Mount Everest may not be as high as we have always thought.
Officially, the world’s highest peak tops out at 8848.13 metres. But a 2005 Chinese survey measured the peak at 8844.43 metres.
Why the difference? The permanent snowpack at the summit.
There also has been speculation over whether recent seismic events, particularly a powerful 2015 earthquake in Nepal, had affected the mountain’s height.
So, in a bid to sort out the discrepancy once and for all, this week, a group of Chinese surveyors became the first – and probably only – team this year to summit Everest.
The Chinese Government-backed expedition was allowed to climb despite China and Nepal in March suspending the usually busy spring climbing season due to coronavirus fears.
It remains suspended.
That could make the Chinese survey team the only people this year to reach the peak of Everest, which has seen growing crowds of climbers and mounds of accumulated garbage in recent years as commercial operations make it easier to scale the mountain.
On Wednesday, under clear blue skies, the team set up surveying equipment at the peak and expedition leaders later popped bottles of champagne at their assault camp below the summit, according to a video livestream provided by Chinese state media.
The exact height of the massive mountain, which straddles the China-Nepal border, remains a point of debate.

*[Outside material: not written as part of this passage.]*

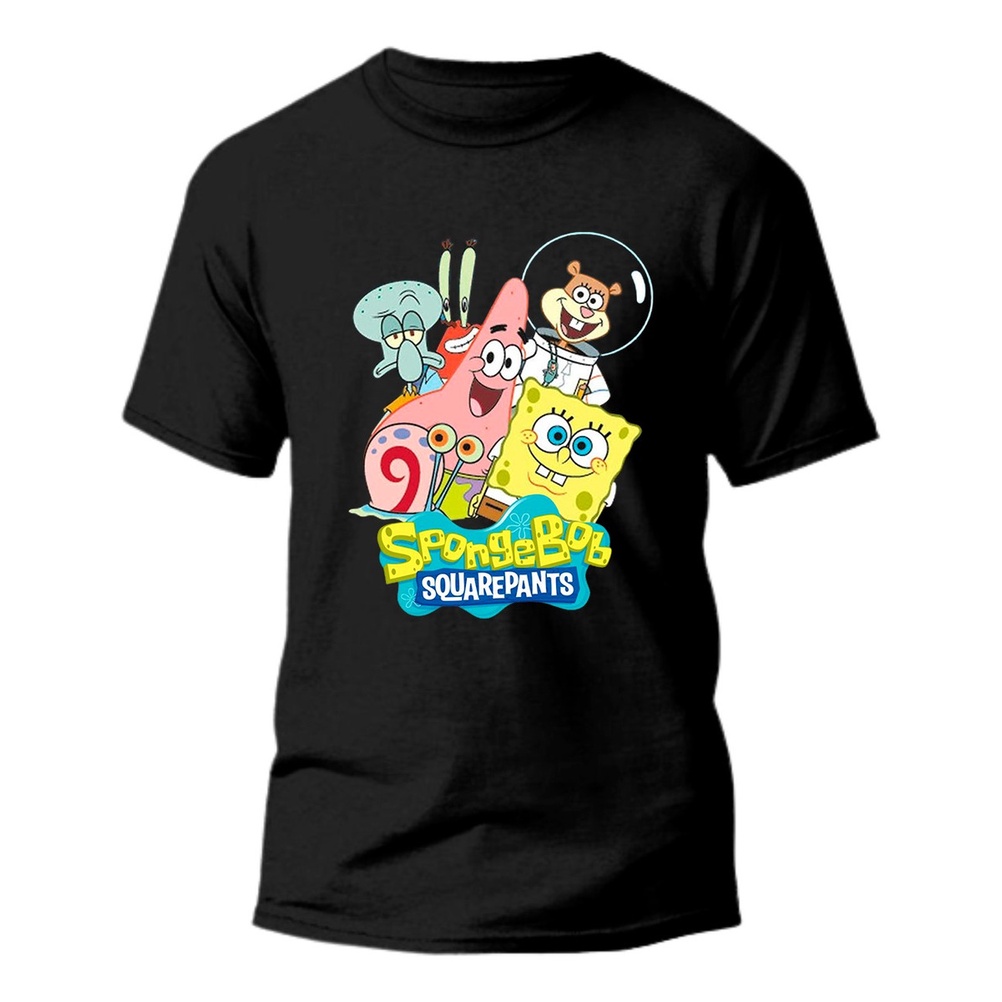Camiseta Bob Esponja Camisa 100% Algodão Gola Redonda Barata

The most recent official Chinese survey in 2005 measured the peak at 8,844.43 metres, not including the snow and icepack on the summit, while Nepal’s official figure includes the Everest’s frosty crown and is four metres higher.

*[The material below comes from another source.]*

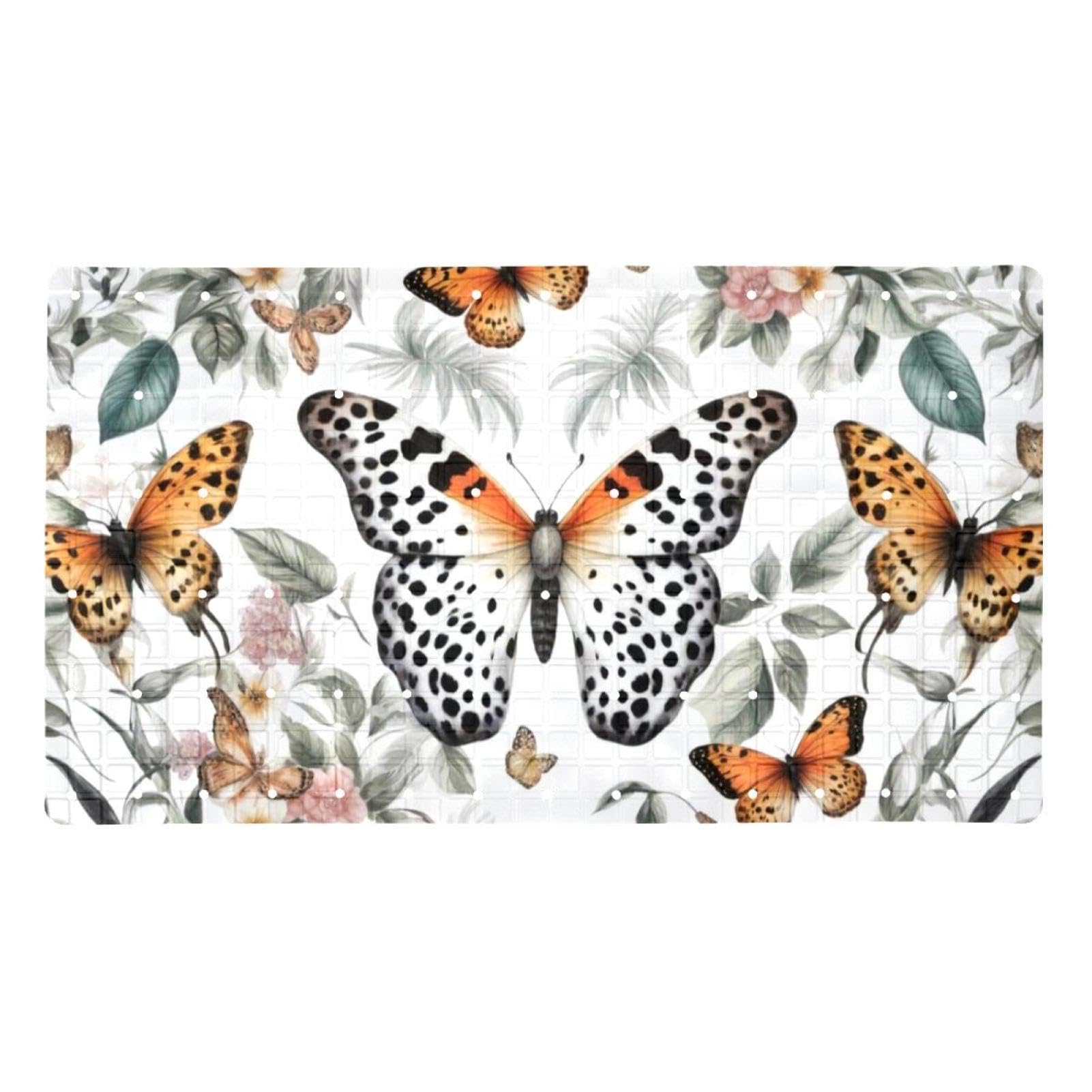 Tapete para bañera seguro para adultos y familias con diseño de mariposas tropicales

State-run Xinhua news agency have touted the expedition as a chance to achieve a highly accurate measurement, saying survey equipment will ping signals off a Chinese satellite and that other “advanced domestic surveying and mapping instruments” will be employed.

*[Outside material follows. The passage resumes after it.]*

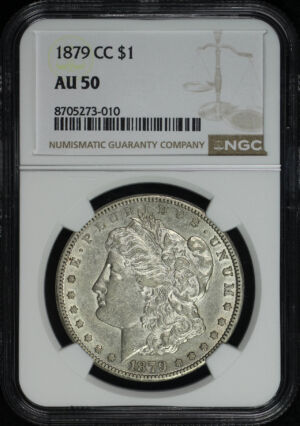 Obverse of this 1879-CC Morgan Dollar NGC AU-50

It was not clear when the survey results would be released, but China and Nepal agreed last year to reveal the findings in a joint announcement.
The expedition set out on April 30, but was delayed twice due to bad weather. Climbers only have a short window of opportunity to make the risky ascent during the main spring climbing season before the approaching summer monsoon brings dangerous climatic conditions.
The 2019 climbing season saw record overcrowding on Mount Everest, which led to 11 deaths as climbers waited hours in lines to reach the summit with dwindling oxygen.